Google im Visier der Europäer

(Helmut Harff / Chefredakteur) Der Europäischen Gerichtshof (EuGH) hat geurteilt, dass Suchmaschinen wie Google Verweise auf Webseiten mit sensiblen persönlichen Daten aus seiner Ergebnisliste streichen müssen. Dass sollen Betroffene etwa dann einfordern können, wenn die Suchergebnisse sehr alt und für die Gegenwart nicht mehr relevant seien.

Allgemein wird das bejubelt. Doch zu Recht? Ich meine ganz entschieden nein. Denn, es handelte sich bei dem strittigen Verweis zum einen auf ein Online-Zeitungsbericht. Der Betreiber dieser Zeitungs-Website, einen spanischen Verleger muss, so ist zu lesen, seinen Beitrag nicht löschen.

Das heißt doch nichts weiter, als dass man nach wie vor alles, was jemals über einen Menschen veröffentlicht wurde, weiter verfügbar ist - egal ob Google den Link dahin entfernt oder nicht. Es wird lediglich schwieriger, auf die Informationen zu stoßen. Doch es gab eine Zeit vor Google und da machte man sich auf in die Zeitungsarchive und durchforstete dort Ausgabe für Ausgabe nach den gesuchten Information. Das dauerte manchmal lange, führte aber zum selben Ergebnis wie heute einige Klicks bei Google.

Was passiert jetzt eigentlich, wenn ein Mensch einen Verweise auf Webseiten mit sensiblen persönlichen Daten gelöscht haben will, ein anderer darin ebenfalls darin vorkommender das aber absolut nicht möchte? Wer hat überhaupt das Recht, eine Löschung zu fordern? Dürfen das nur direkt genannte oder beispielsweise die Erben, Ehegatten, Kinder oder, oder? Schließlich können die ja auch unter bestimmten Einträgen leiden.
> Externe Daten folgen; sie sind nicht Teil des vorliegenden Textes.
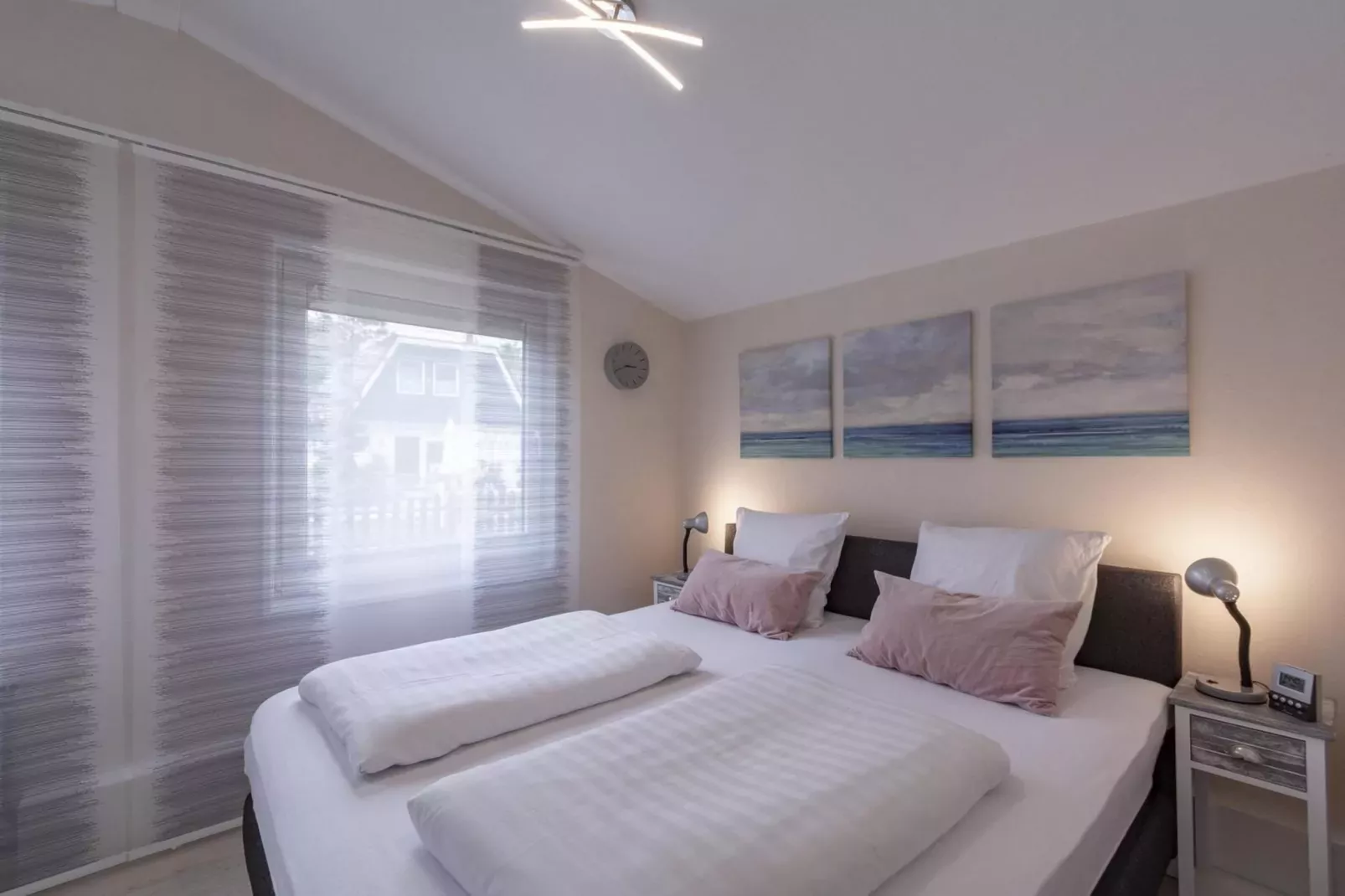 Garnekuul 49-Bedroom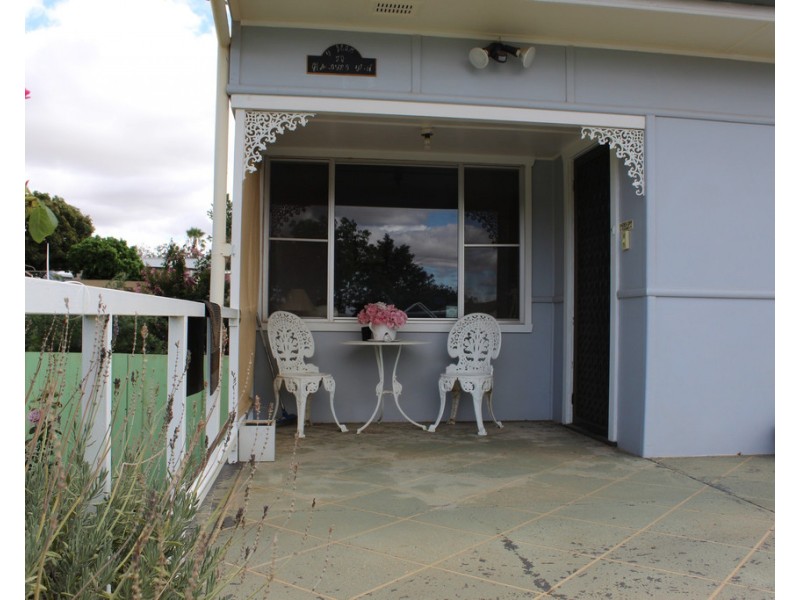 32 Want Street, Parkes NSW 2870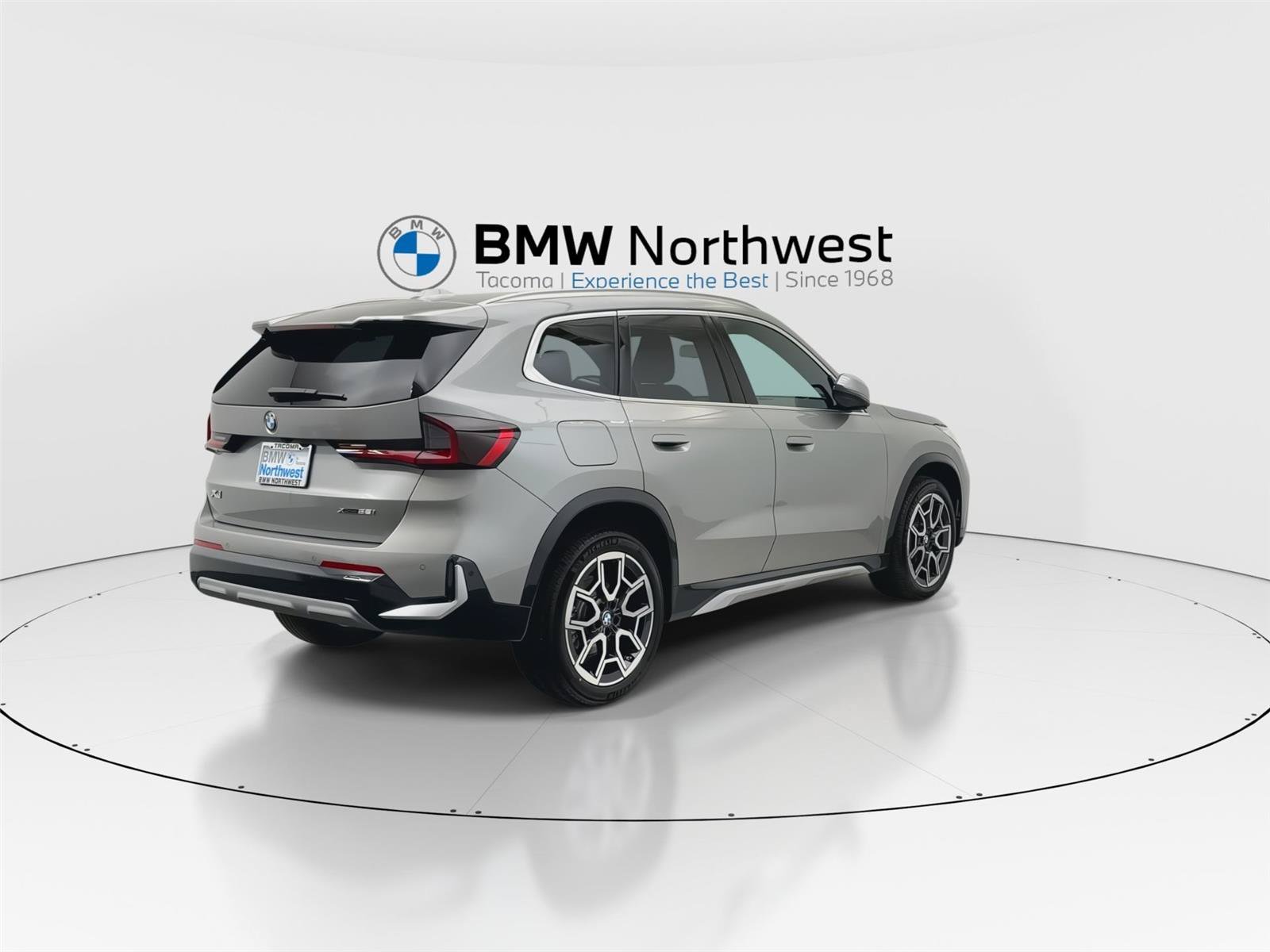 Used 2026 BMW X1 xDrive28i w/ Convenience Package AWD/4WD image 3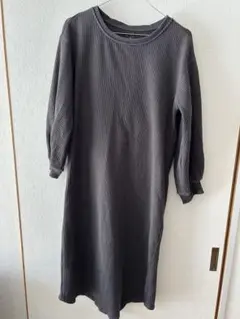 Simplicite グレー 長袖カットソーワンピース バックツイスト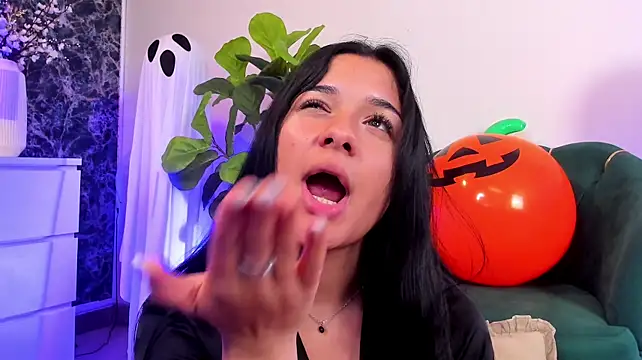 NaomiVelourr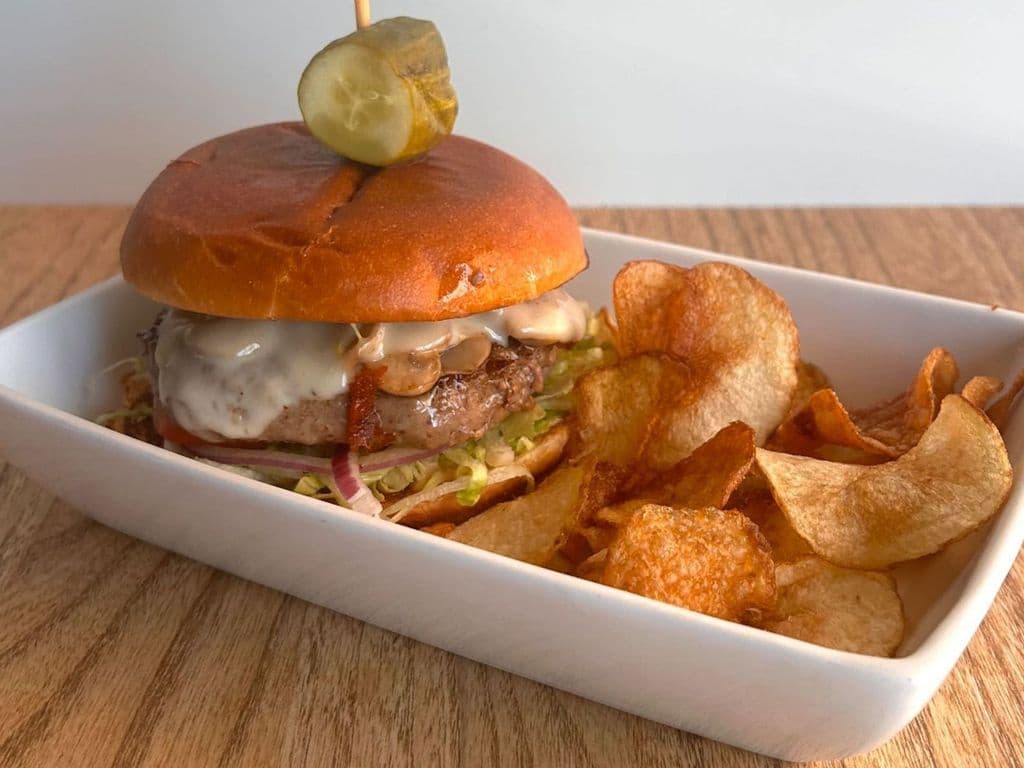 Spicy Mushroom Mozza Burger - OO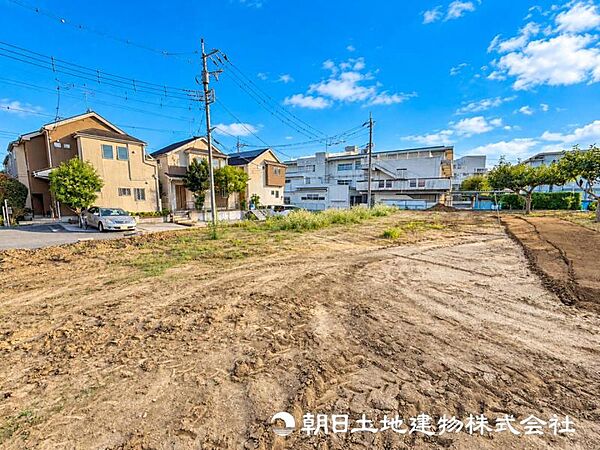 【外観・立地】家族の色を映し出す洗練された邸宅は、ずっと輝き続けながらいつしか街の風景に溶け込み人と共に歩んいきます。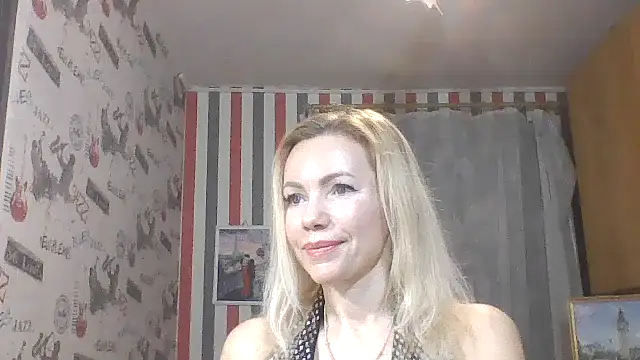 Amoretta Adlı Modelin Canlı XXX Sohbeti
Das aktuelle Urteil befasste sich ja mit einem Google-Verweis auf einen Online-Zeitungsartikel? Was ist eigentlich mit Verweisen auf Einträgen in sozialen Netzwerken oder anderen Internetseiten? Muss eine Suchmaschine demnächst auch solche Verweise auf Seiten von Vereinen, Schulen, Unis oder Unternehmen löschen, weil da etwas steht, was einem Betroffenen nicht mehr passt?

Ist das Urteil gegen Google nur der Auftakt zu weiteren? Muss der Verleger des strittigen Beitrages unter Umständen nun damit rechnen, dass der EuGh auch ihn dazu verdonnert, den Artikel auf seiner Plattform zu löschen? Müssen Zeitungen und Zeitschriften irgendwann auch solche Artikel aus archivierten Zeitungen ausschneiden lassen. Müssen alte Rundfunk- und Fernsehbeiträgen demnächst zumindest teilweise gelöscht werden?

Wenn man nun Teile seiner Biographie "verschwinden" lassen kann, muss man dann "vergessene" Teile in Bewerbungen oder anderen Dokumenten nicht mehr angeben?

Das sind unbegründete Ängste? Nein, das glaube ich nicht. Wenn der EuGh nicht unglaubwürdig werden will, bleibt ihm doch gar nichts weiter übrig, als sich weiterhin für eine "Kultur des Vergessens" stark zu machen. Ich hoffe, die Richter am EuGh wissen, welche Büchse der Pandora sie da gerade geöffnet haben.